Nous pénétrons dans l'immense nef. Il faudrait consacrer un temps long sous la conduite d'un guide expérimenté pour découvrir toute l'immense richesse architecturale et spirituelle des lieux. L'agenda du jour nous oblige à accélérer le pas et nous devons quittons l'endroit, frustrés de n'avoir pas pu y consacrer toute l'attention nécessaire mais convaincus de l'impératif d'y revenir pour en approfondir notre perception.

(En attendant, je vous conseille la lecture du remarquable article de Wikipédia consacré à Notre Dame d'Amiens que vous trouverez en suivant ce lien.)

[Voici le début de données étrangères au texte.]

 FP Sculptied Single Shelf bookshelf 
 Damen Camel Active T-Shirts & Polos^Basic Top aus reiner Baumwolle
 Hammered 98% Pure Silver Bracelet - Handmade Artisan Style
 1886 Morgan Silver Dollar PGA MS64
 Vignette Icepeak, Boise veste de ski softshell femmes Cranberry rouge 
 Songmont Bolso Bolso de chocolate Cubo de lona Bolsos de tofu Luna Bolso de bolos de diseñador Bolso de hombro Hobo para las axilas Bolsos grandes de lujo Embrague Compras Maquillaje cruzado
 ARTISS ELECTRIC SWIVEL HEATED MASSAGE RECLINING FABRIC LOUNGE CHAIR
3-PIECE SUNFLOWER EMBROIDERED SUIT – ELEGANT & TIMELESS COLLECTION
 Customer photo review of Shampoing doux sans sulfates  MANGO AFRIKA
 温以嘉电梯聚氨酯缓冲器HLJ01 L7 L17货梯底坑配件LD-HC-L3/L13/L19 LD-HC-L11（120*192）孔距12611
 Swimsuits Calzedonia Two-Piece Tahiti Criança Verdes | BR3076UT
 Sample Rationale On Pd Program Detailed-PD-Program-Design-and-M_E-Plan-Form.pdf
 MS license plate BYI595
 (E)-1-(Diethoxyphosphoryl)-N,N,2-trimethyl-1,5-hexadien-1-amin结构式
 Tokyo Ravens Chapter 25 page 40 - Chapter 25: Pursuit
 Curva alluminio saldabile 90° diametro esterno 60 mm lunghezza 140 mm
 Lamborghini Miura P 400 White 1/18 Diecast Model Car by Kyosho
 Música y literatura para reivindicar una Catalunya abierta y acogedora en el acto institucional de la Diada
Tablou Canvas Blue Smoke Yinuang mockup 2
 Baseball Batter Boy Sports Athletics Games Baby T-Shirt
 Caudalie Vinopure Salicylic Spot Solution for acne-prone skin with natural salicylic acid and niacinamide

Nous entrons maintenant dans le petit Parc de l'Evêché : C’est un jardin public qui borde le côté nord de la cathédrale. Un escalier descend vers la Rue du Hocquet que nous suivons jusqu'à la Venelle Lafleur qui circule entre la Bibliothèque Universitaire et l'UFR de droit et de Science Politique. Amiens, ville universitaire, nommée capitale européenne de la jeunesse en 2020, accueille aujourd’hui 32 000 étudiants qui disposent d’une offre de formation très large.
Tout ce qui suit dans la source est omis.